Beatriz Perez ist hin und hergerissen zwischen ihrer großen Liebe zu einem Amerikaner und der Verpflichtung, die sie ihrem Herkunftsland gegenüber empfindet. Beatriz ist eine Frau, die ihrer Zeit voraus ist. Sie will nicht nur als Anhängsel einer Familie oder eines Ehemannes gesehen werden. Sie will selbst etwas erreichen. Ihr Geliebter hat da traditionellere Vorstellungen, was ihre Beziehung nicht einfacher macht. Irgendwann muss Beatriz sich entscheiden. Doch in den frühen 1960er Jahren ist der Konflikt zwischen Amerika und Kuba immer präsent. Ein Jugendfreund von Beatriz hat inzwischen Kontakt zum Geheimdienst. Wird damit der Weg zu ihrem großen Ziel bereitet?

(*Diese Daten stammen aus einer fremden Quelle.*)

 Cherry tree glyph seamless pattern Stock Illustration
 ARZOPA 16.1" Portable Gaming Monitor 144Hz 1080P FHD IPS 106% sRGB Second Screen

Mit diesem zweiten Roman über die Familie Perez, die aus Kuba flüchten und sich in Amerika zurechtfinden musste, versteht es die Autorin ihre Leser zu fesseln. Beatriz’ Geschichte hat etwas ganz eigenes. Sie ist sehr modern, was ihr Probleme mit der Familie einbringt. Sie ist mutig, was sie in Gefahr bringt, und sie kann warten, bis Castro stirbt. Kuba und Amerika, so nah und doch so fern. Weniger als 200 km liegen in der kürzesten Strecke zwischen den beiden Ländern und doch könnten sie kaum weiter weg sein. Die beiden unterschiedlichen Systeme stehen sich diametral gegenüber. Man kann einiges über die Geschichte erfahren, die die Länder trennt und doch verbindet. Dazu kommt eine emotionale Liebesgeschichte, die einen berührt. Ein sehr schöner zeitgeschichtlicher Roman, den man gerne verfilmt sehen möchte.